# timber stables vs american barn



## digitalangel (20 November 2012)

Hi guys,

I am looking into putting in 4-6 more stables at my new place, ideally i would like a small american barn with 4 stables plus hay store/tack room/farrier area - i am wondering if the cost would be prohibitive? how does the cost compare to say the same but in a traditional timber stable setup?

Many thanks


----------



## Suelin (20 November 2012)

If I were building again I would go down the AB route but I would have the Hay/straw in a separate building due to fire risk.


----------



## MillionDollar (20 November 2012)

A lot more for an AB, but they are so much better IMO. When the weather is vile and everything is under one roof it's a godsend. If you do go for AB get windows put in tha stables to the outside so the horses can put their heads out 

As above make sure hay/straw is in a seperate building as fire risk is too great under the same roof.


----------



## lachlanandmarcus (21 November 2012)

I had a mini barn built that has exactly your spec - 4 stables plus a wide centra gangway and a tack/feed room. We paid extra to upgrade the spec (eg thicker wall boarding, portal frame so if we sold the house someone without horses could just take out the stables without the building falling down - also makes it stronger, glazed outer windows as we get horrendous gales and blizzards (Cairngorms!) so we can in extreme weather close the outer window but horse can still see out and get the light. 

It was the best decision we ever made. I wouldnt consider one without opening outer windows tho, that way horses get the best of both worlds and get good ventilation and also warm and cosy barn and its sooooooo lovely when you are mucking out in horrid weather. 

Our barn cost about £10k plus the extras and ended up as about £12k - tho this did include both delivery and erection (groundworks we did). This was Saltire Stables. They were very helpful and we got to insulate behind the boards as they built it (because of our extreme location). 

Looking at their mid range looseboxes of a similar spec to the barn without the extras, 4 12x12 looseboxes plus a tack room would be 8-9k plus delivery. So not much of a saving, plus you dont get the useful internal gangway.

Of course you can buy looseboxes a lot cheaper - the lower spec Saltire ones you could get the 4+tack room for £6k odd plus delivery - its a question of whether it is a long term 'keep' or whether you might move in a couple of years and so not be so bothered - and also about resources. 

Heres a couple of pics when it was first put up. Our local planners seemed to prefer the barn as it is in a farming area so looked more like the agrcultural barns they cant object to, also there is less mess and clutter as stuff can be stored inside.


----------



## digitalangel (21 November 2012)

wow what a fantastic post and a beautiful barn! thank you so much for the post. personall like you i prefer american barns, but was worried about rhe cost being prohibitive - expecially with the groundworks/concreting - can i ask how much that was for you?

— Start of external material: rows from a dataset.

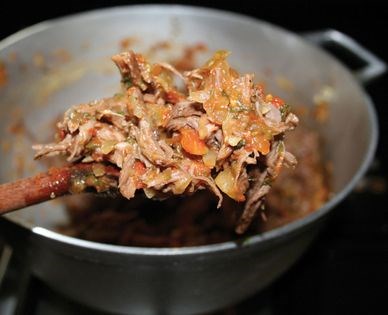 Stripped beef (Carne desmechada)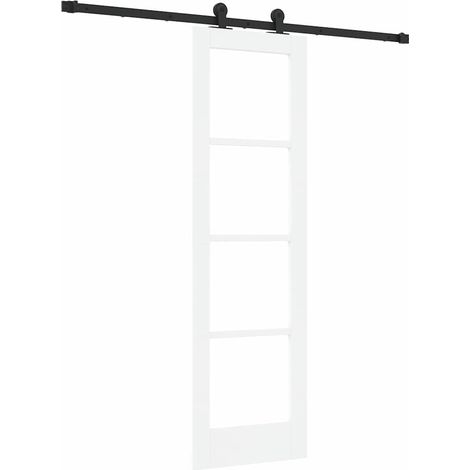 Maison Exclusive - Schiebetür ORKDAL Weiß und Schwarz 61 x 198,5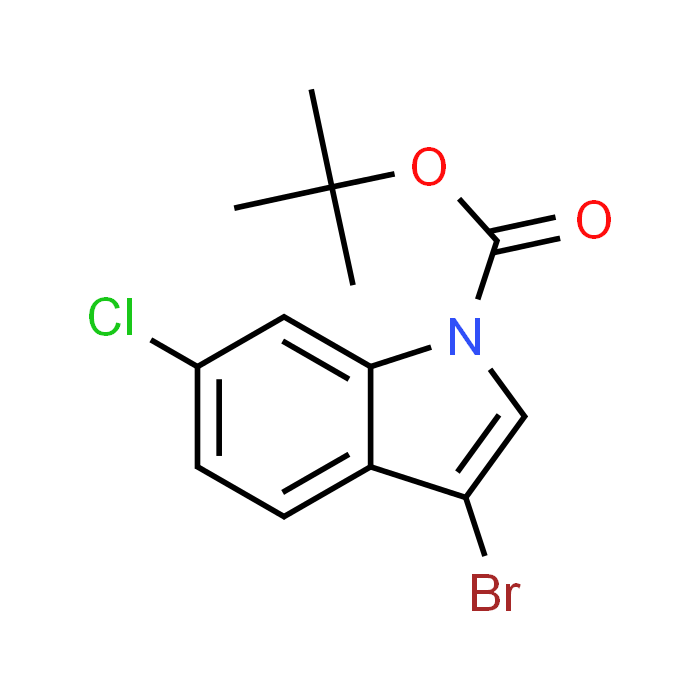 N-Boc-3-bromo-6-chloroindole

I was also thinking steel would be better than wood? or is that not the case?

Thanks!


----------



## Suelin (21 November 2012)

Lachlanandmarcus that is extremely smart.  Next time, if there is one, I would love something similar.


----------



## lachlanandmarcus (21 November 2012)

digitalangel said:



			wow what a fantastic post and a beautiful barn! thank you so much for the post. personall like you i prefer american barns, but was worried about rhe cost being prohibitive - expecially with the groundworks/concreting - can i ask how much that was for you?

I was also thinking steel would be better than wood? or is that not the case?

Thanks!
		
Click to expand...

I wouldnt have steel. Condensation is a big issue unless you use expensive anti condensation layer to line it, plus it is very cold in winter and very hot in summer - think of how hot cars get in the summer if left parked :-(((( Its really blockwork or wood or brick that are suitable for horses as they absorb excess heat and insulate from cold (or in my case, extreme cold!)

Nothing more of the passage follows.